What is the Central image, and how does it work in “Anecdote of a Jar?” What does it symbolize, and how is it a modernist idea? There are numerous sounds in the Anecdote of the Jar, but the round is what the readers hear in the poem. As the sound of the round would seem to overpower the poem when we focus on it — whereas when we read from a curvature — that is, our perception that the jar directives the wilderness depends on our momentary adoption of the jar’s point of view. By interpreting it through its own viewpoint, the jar commands the wilderness by projecting its own form, letting the wilderness cover it. But one must remember here that the wilderness is not controlled, just the edge surrounding the jar that has been made round (given shape). That is, a conceptual order is an order placed by the container. The wilderness is no longer wild, exotic, from the jar; this has been described and evaluated to be familiar with the jar. But to take some other view than that of the jar is to see how the wilderness is not modified in any realistic way; it will accept the arbitrary nature of the order, while the poem ultimately implies.
As Frank Lentricchia has stated recently, the topic of perspective is crucial to the poem. In contrast, Lentricchia’s point of view — he cares to read it as an anti-colonial anecdote — may not permit him to explore the question in its entirety. In “Anecdote of the Jar”, he states that the perspective is primarily “panoramic,” although restricted to two main issues. Readers view reality at first “as per a jar, declining to retain the confident perception about its own excellently-formed self to its own, pompously accepting itself as the distribution point of clarification and single geological coordination: Readers view the wilderness coerced into order on its own.” throughout the conclusion, “The readers encounter the perspective of the wilderness throughout the context that the panoramic narrator holds the wilderness side.”

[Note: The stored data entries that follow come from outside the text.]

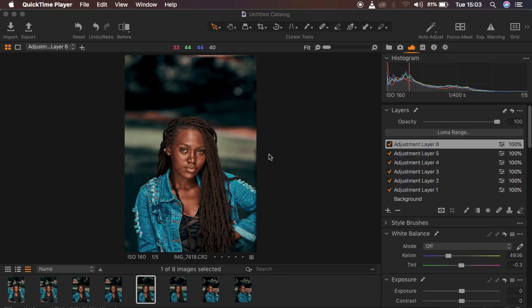Hello, what's up YouTube! Photographer Ron here with another Capture One tutorial. In this tutorial I want to show you how I did the color grading for this image, and I want to show you the before and after. Before we proceed, if you find this video helpful don't forget to hit the like button.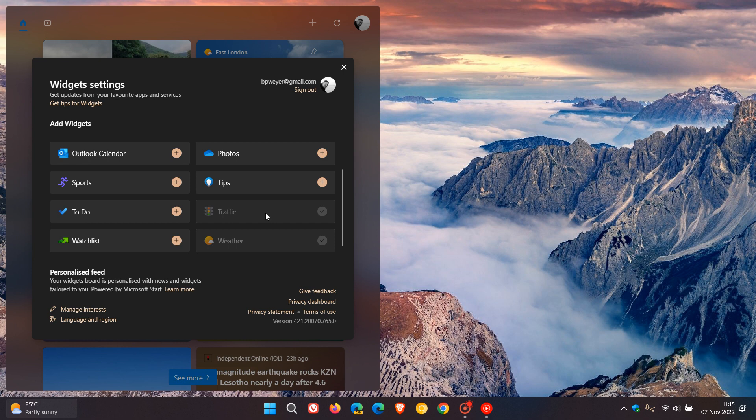Traffic, as you can see I've enabled this one, displays current traffic info based on your location. Weather does exactly the same, your weather is shown from your current location and region, and then watchlist shows stock information.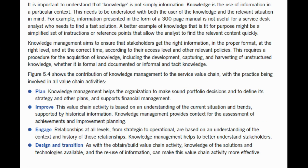It is important to understand that knowledge is not simply information. Knowledge is the use of information in a particular context, and this needs to be understood with both the user of the knowledge and the relevant situation in mind. For example, information presented in the form of a 300-page manual is not useful for a service desk analyst who needs to find a fast solution. A better example of knowledge that is fit for purpose might be a simplified set of instructions or reference points that allow the analyst to find the relevant content quickly. Knowledge management aims to ensure that stakeholders get the right information, in the proper format, at the right level, and at the correct time according to their access level and other relevant policies. This requires a procedure for the acquisition of knowledge, including the development, capturing, and harvesting of unstructured knowledge, whether it is formal and documented or informal and tacit knowledge.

- Both “Thirteen Ways of looking a Blackbird and “Disillusionment of Ten O’clock” deal with the idea of perception and subjectively. What other similarities do you see? What are the major differences in how this idea presented?
Similarities
Thirteen Ways of Looking a Blackbird and Disillusionment of Ten O’clock are both poetry of Wallace Stevens. Both poems deal with perspectives where every individual has his or her point of view on a subject. In the Thirteen Ways of Looking at a Blackbird, the bird in the poem takes much wild interpretation as the audience dive deep into the poem. The poetry is more about conveying the audience’s certain emotions than presenting some exact point regarding birds. Conclude. However, the poem indicates that truth is often a question of interpretation, where each views reality in their manner and recognizes it. In Ten O’clock’s disillusionment, the poet does not share what the poem is, but what is not creating disillusionment is similar to Thirteen Ways of Looking a Blackbird, where the individual perceives the information on his or her own.
Differences
“Thirteen Ways of Looking at a Blackbird” is poetry deeply rooted in the physical world, but with numerous distinct viewpoints, as the title implies. The poem provides several “sensations” (Stevens’ original word) regarding the physical world when it passes across its thirteen short sections, showing how existence is not just a single thing. It can be awe-inspiring, fearful, beautiful, massive, and fragile all at the same time. On the other hand, the disillusionment of Ten O’clock, the poem, if it functions, helps the audience reach into the imagination. The individual seems to be the amount of his position and time for Stevens. The poetry encourages the audience to connect according to their drunken sailor, to discover oneself flamboyantly later than 10 in a vibrant nightgown, a set of vintage lace socks, and bedtime.